SEOUL, Sept. 27 (Yonhap) -- South Korea's financial regulator said Tuesday it plans to inject more funds into suspended local savings banks as part of its efforts to salvage the sector struggling with heavy losses from soured property loans.
The Financial Services Commission (FSC) recently halted business operations of seven ailing savings banks for six months, citing insufficient capital, raising the number of suspended savings banks this year to 16.
"We plan to extend the operating period of the savings banks special account within the Korea Deposit Insurance Corp. (KDIC) by up to five years, which will help raise an additional 5 trillion won (US$4 billion)," a senior FSC official told Yonhap News Agency by phone.
A special fund was installed at the state-run deposit insurer in March as part of the government's efforts to restructure the ailing sector.
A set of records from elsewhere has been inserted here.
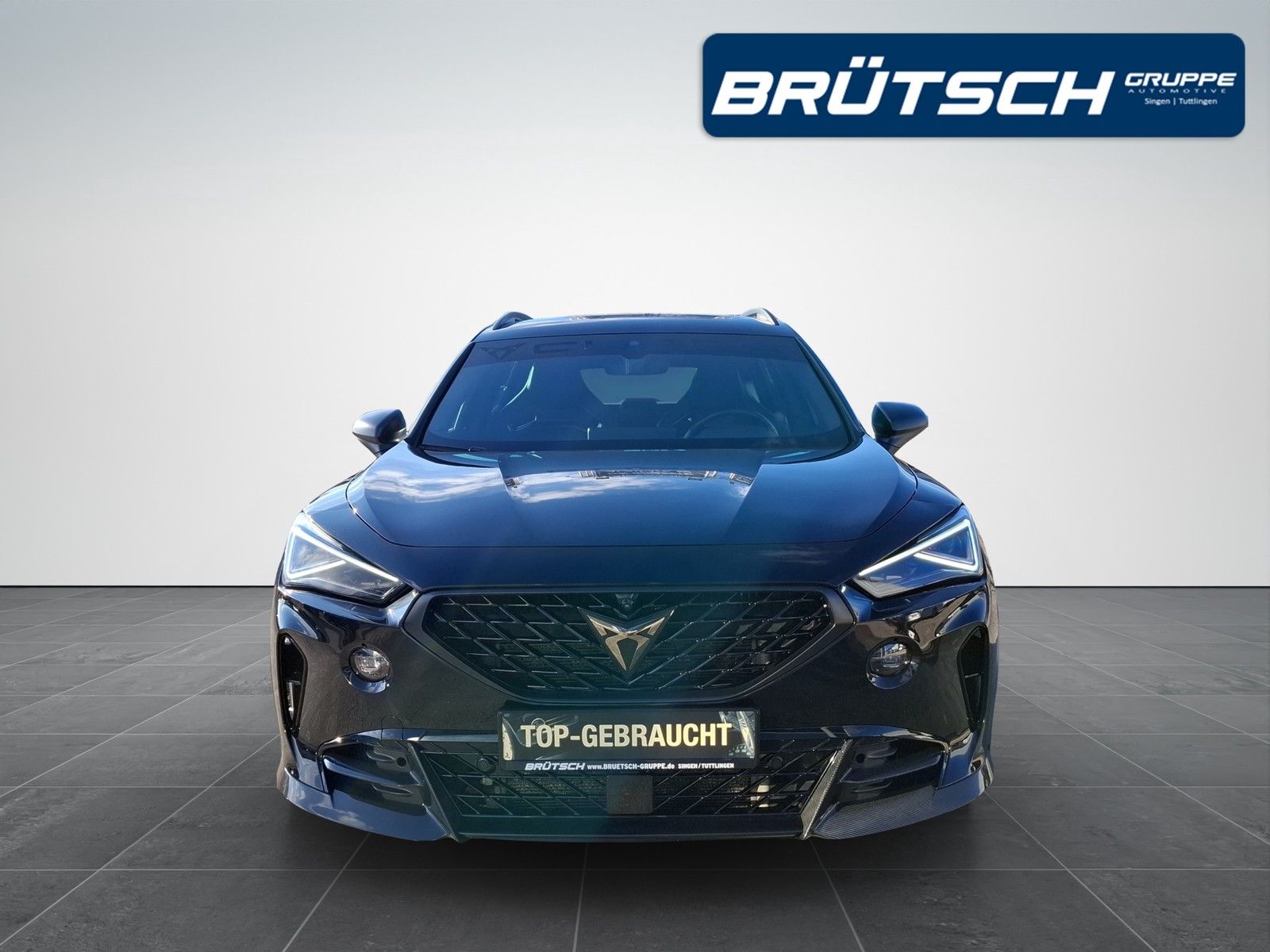 CUPRA Formentor 2.5 TSI VZ5 4Drive DSG / LEDER-PAKET-C - Image 5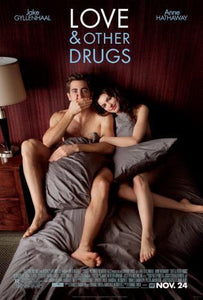 Love And Other Drugs movie poster Sign 8in x 12in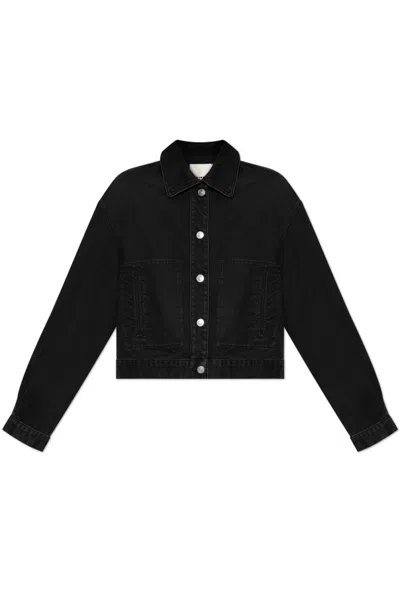 Isabel Marant Josephine Jacket In Black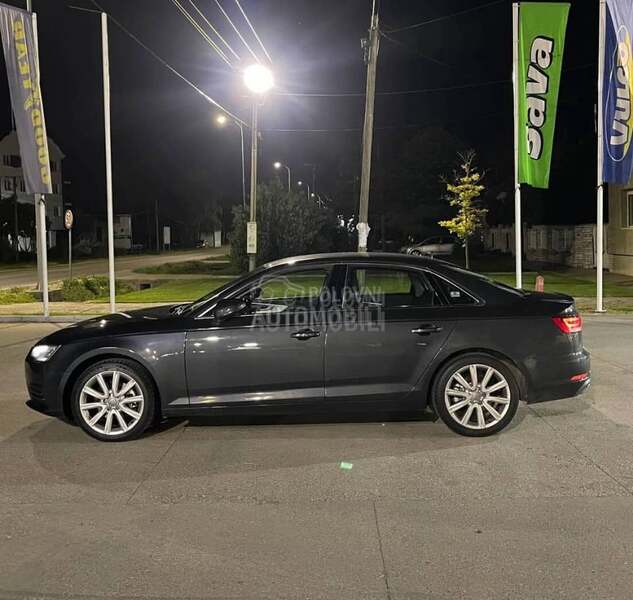 Audi A4 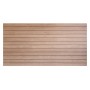 Slatwall Panel TAVERN OAK 2400x1200
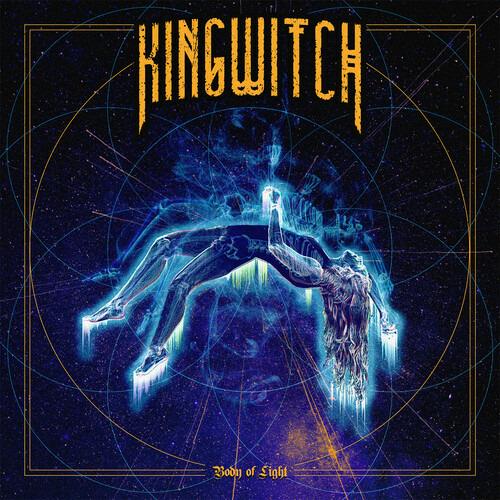 Body Of Light (Digipack) - CD Audio di King Witch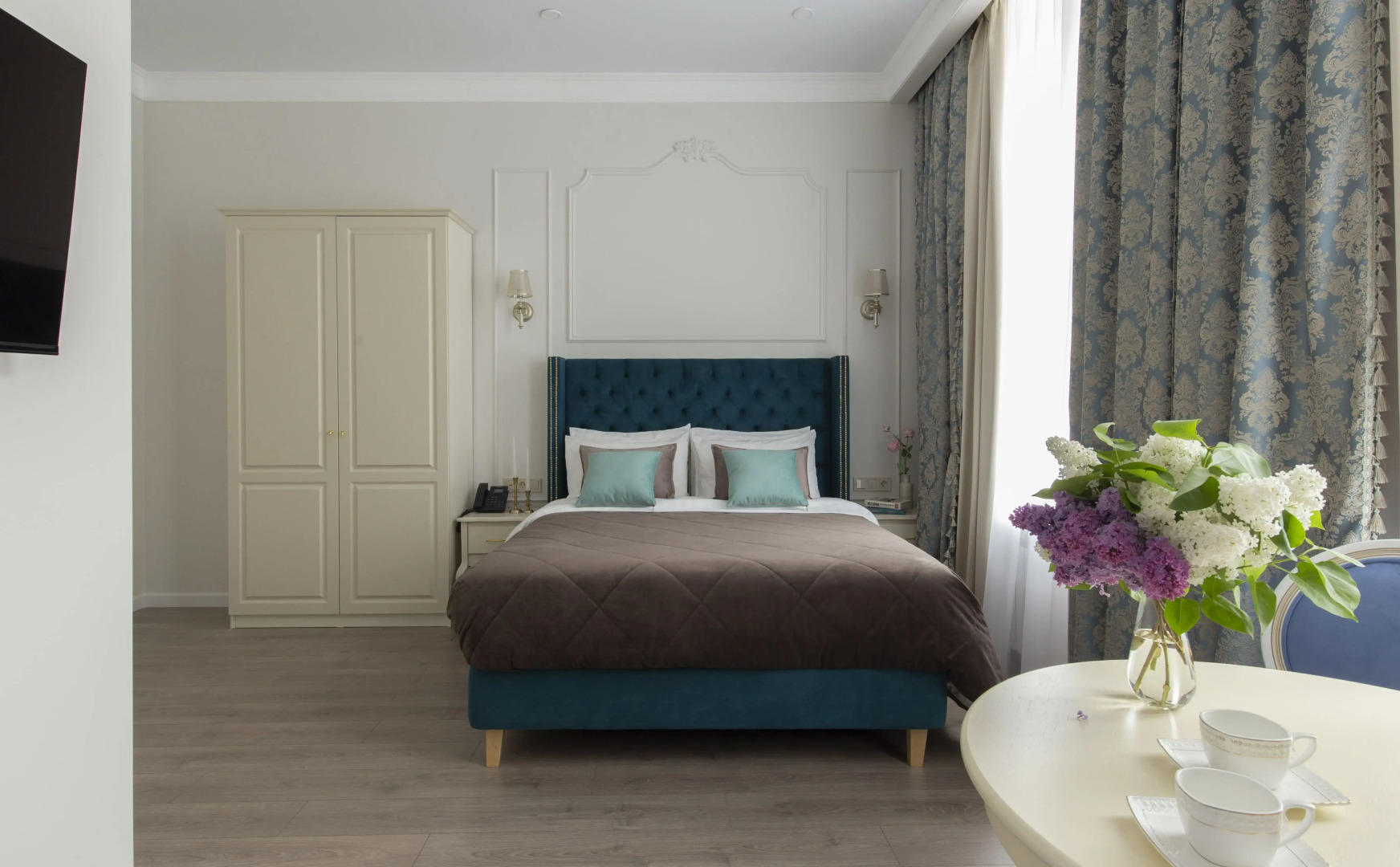 Отель Academia Особняк Teploff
The fund, which draws money from insurance commissions from savings banks and other financial institutions, was initially set to run until 2026 to help finance deposits and insufficient capital by raising around 1 trillion won annually.
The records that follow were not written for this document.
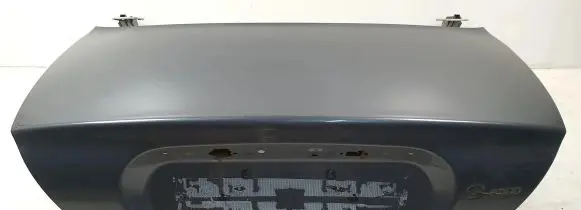 Jaguar S-Type Tailgate/trunk/boot lid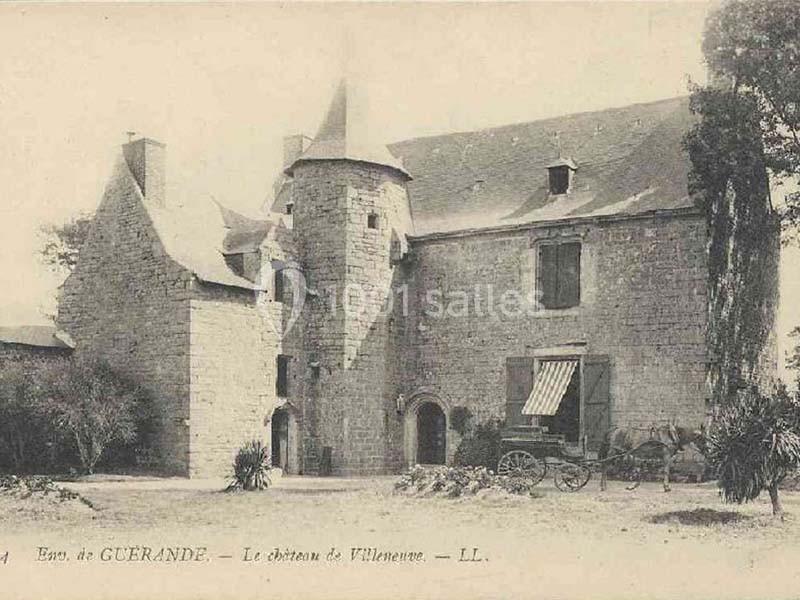 Château De Villeneuve - galerie - photo 23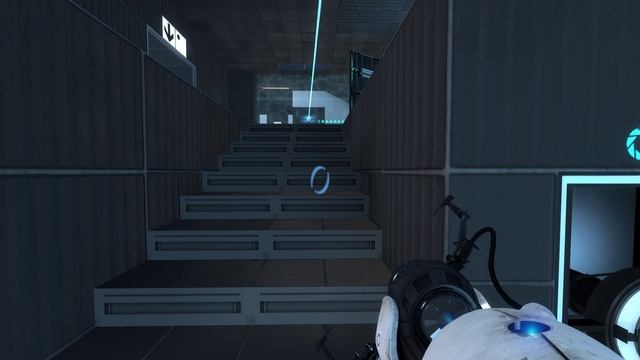 Portal 2 - FilipMax's Futuristic Testing Track (Part 2) смотреть онлайн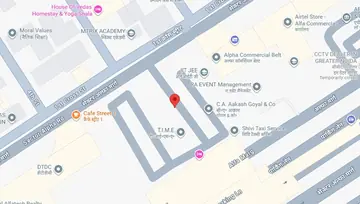 Location of Parsvnath Bibhab Plaza - Image 307539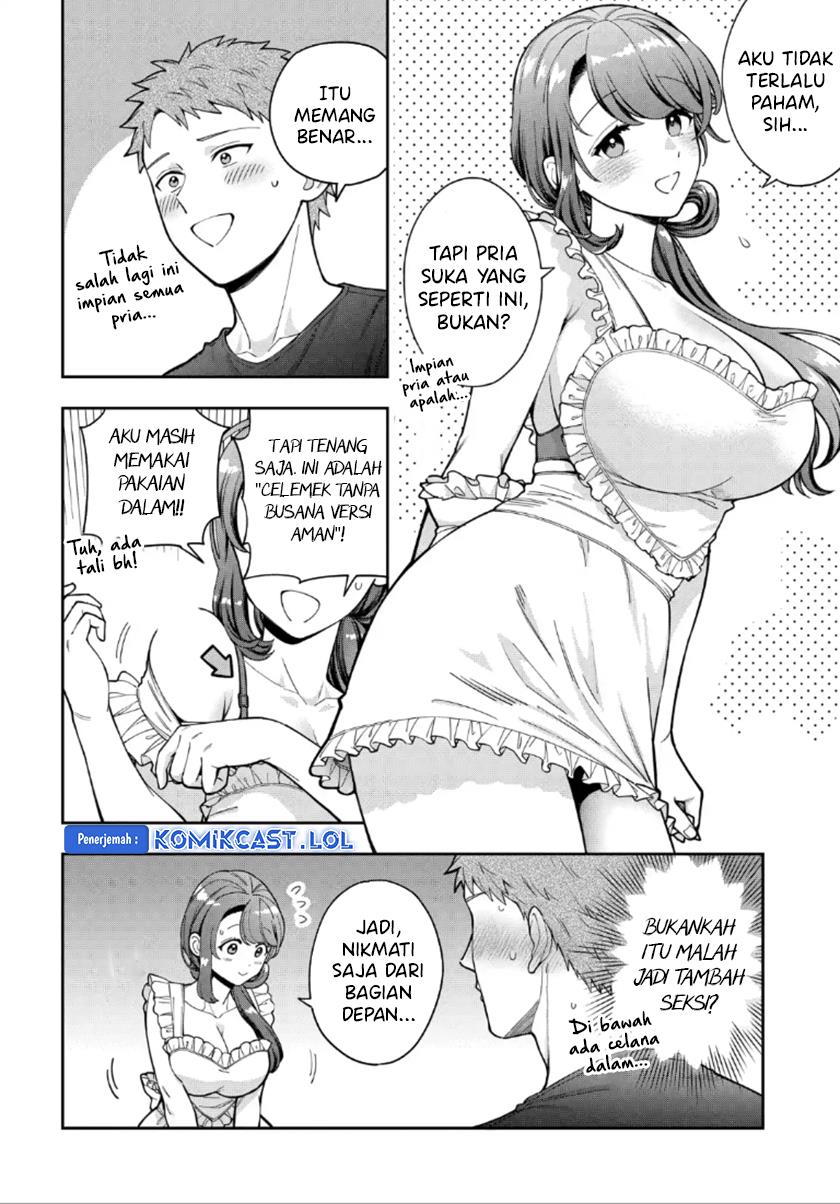 musume-janakute-watashi-mama-ga-suki-nano - Chapter: 27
The FSC's decision comes amid views the planned 15 trillion won to be raised by the special fund would be insufficient to cover costs for restructuring the recently suspended savings banks, which include two players with equity capital of more than 3 trillion won.
"If the suspended savings banks fail to normalize and start their sale process, more money could be needed to fill their insufficient capital and raise their capital adequacy ratio," said the official.
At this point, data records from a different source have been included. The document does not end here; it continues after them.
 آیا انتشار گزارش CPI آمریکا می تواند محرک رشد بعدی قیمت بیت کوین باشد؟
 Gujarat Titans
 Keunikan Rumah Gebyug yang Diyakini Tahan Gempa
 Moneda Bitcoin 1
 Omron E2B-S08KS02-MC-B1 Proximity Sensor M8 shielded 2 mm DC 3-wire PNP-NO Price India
The financial regulator, however, denied doubts the move was designed to brace for additional suspensions.
"We are not raising the fund in a bid to initiate more suspensions in the second half of the year. It's part of a plan to create a safety net," the FSC official said.
FSC Chairman Kim Seok-dong has repeatedly stressed there will be no more savings bank suspensions this year, unless "unexpected situations" occur.
In July, the government announced a set of measures designed to prop up the ailing sector and prevent it from negatively affecting the broader financial system.
The measure includes plans to utilize the KDIC fund for suspended players as well as pumping in public funds to bolster operations of relatively healthy savings banks.